For the first question about traveling salesmen:
It is given that a firm is checking to see if a report is correct or incorrect. In other words, they are conducting an experiment in which the results are going to be either "success" or "failure". This should set off a flag in your mind that tells you the results are going to be of binomial distribution.
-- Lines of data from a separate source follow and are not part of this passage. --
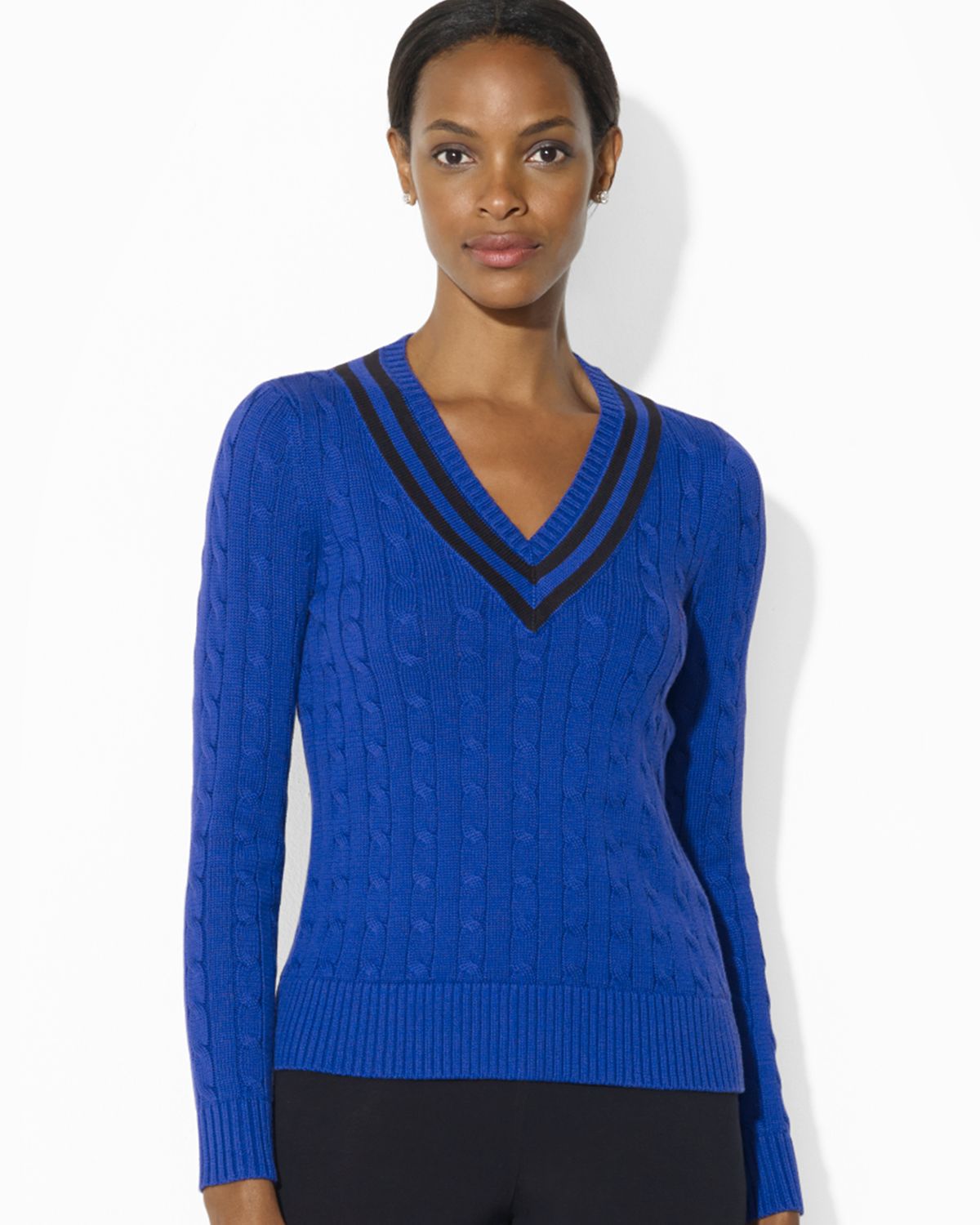 Lauren By Ralph Lauren V Neck Cricket Sweater in Blue (Track Purple ...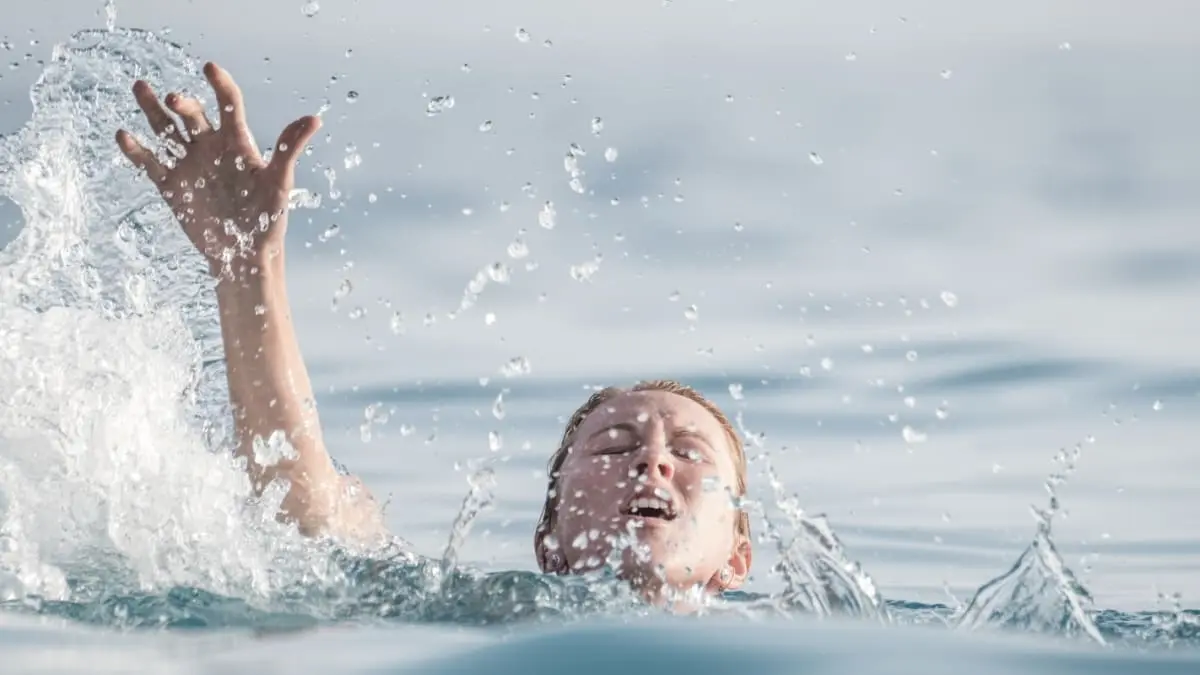 woman in cold water shock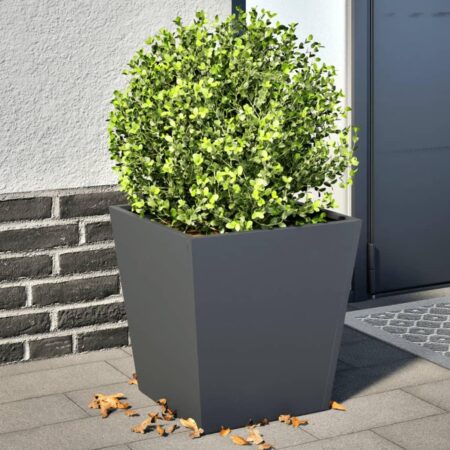 Plantekrukker 2 stk. 40x40x40 cm stål antracitgrå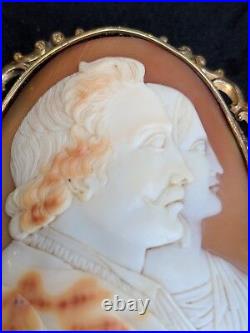 Large Antique Victorian Double Portrait Shell Cameo 9ct Gold Brooch Pin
In the problem, they are conducting $n=200$ trials of the experiment with probability $p=.1$ of success (here, success is travel expenses are incorrectly documented). If you let $X=$ the number of incorrectly documented expense reports, then $X\sim Bin(n=200,p=.1).$ Now, assuming you know about the normal approximation to the binomial distribution, then the Central Limit Theorem says for large $n$, typically $>20$ when $p$ is sufficiently far away from $0$ or $1$, one can use this approximation. This example works for the approximation. Therefore, we have that $X\sim N(\mu=np,\sigma^2=np(1-p))$ which yields $X\sim N(\mu=20, \sigma^2=18)$. The question then asks you to find $$\Pr(X>40)=1-\Pr(X\le 40)=1-\Pr\bigg(\frac{X-\mu}{\sigma}\le\frac{40-\mu}{\sigma}\bigg)=1-\Pr\bigg(Z\le\frac{40-20}{\sqrt{18}}\bigg)=1-\Pr\bigg(Z\le\frac{20}{\sqrt{18}}\bigg)=1-\Pr(Z\le 4.71)$$
Using normal distribution table for standard normal r.v. we find that this is equal to $0$ (it is a very small number, although nonzero).
For the second question:
We want to test to see if there is a difference between the means (you were correct in that regard). Usually, it will stated in the question if you are to construct a confidence interval. This question is asking you to check to see if there is a difference between the means of the given data at a level of significance. This is your hint on what to do with the problem. You need to find determine your null hypothesis and alternative hypothesis. Since we are testing to see if there is only a difference, i.e, not testing to see if one is larger than the other, then this is a two tailed test. Then we have the following hypothesis:
$$\begin{cases}H_0:& \mu_1=\mu_2\\H_1:& \mu_1\ne\mu_2\end{cases}$$
Let $\bar X_1=$ the average nightly rate of Marriot and $\bar X_2=$ the average nightly rate of Radisson. Then we have $\bar X_1=170, \bar X_2=140, n_1=n_2=50, s_1=15, s_2=10$. I assume that they took $50$ billing statements from each hotel. Since the population variances are unknown and we are using sample variances, we need to use t-test. Moreover, since each $n$ is large enough, we don't have to pool the variances. Now, we can proceed with the t-test. Therefore, we have
$$t_0=\frac{\bar X_1-\bar X_2}{\sqrt{\frac{s_1^2}{n_1}+\frac{s_2^2}{n_2}}}=\frac{170-145}{\sqrt{\frac{15^2}{50}+\frac{10^2}{50}}}=\frac{25}{\sqrt{\frac{325}{50}}}=9.81$$
For $\alpha=.01$ with $99$ degrees of freedom, we have that $t=2.326$. Since $t_0>t$, this means that we reject the null hypothesis, $H_0$. That is, there is a difference between the means of the two hotels at the $\alpha=.01$ level of significance.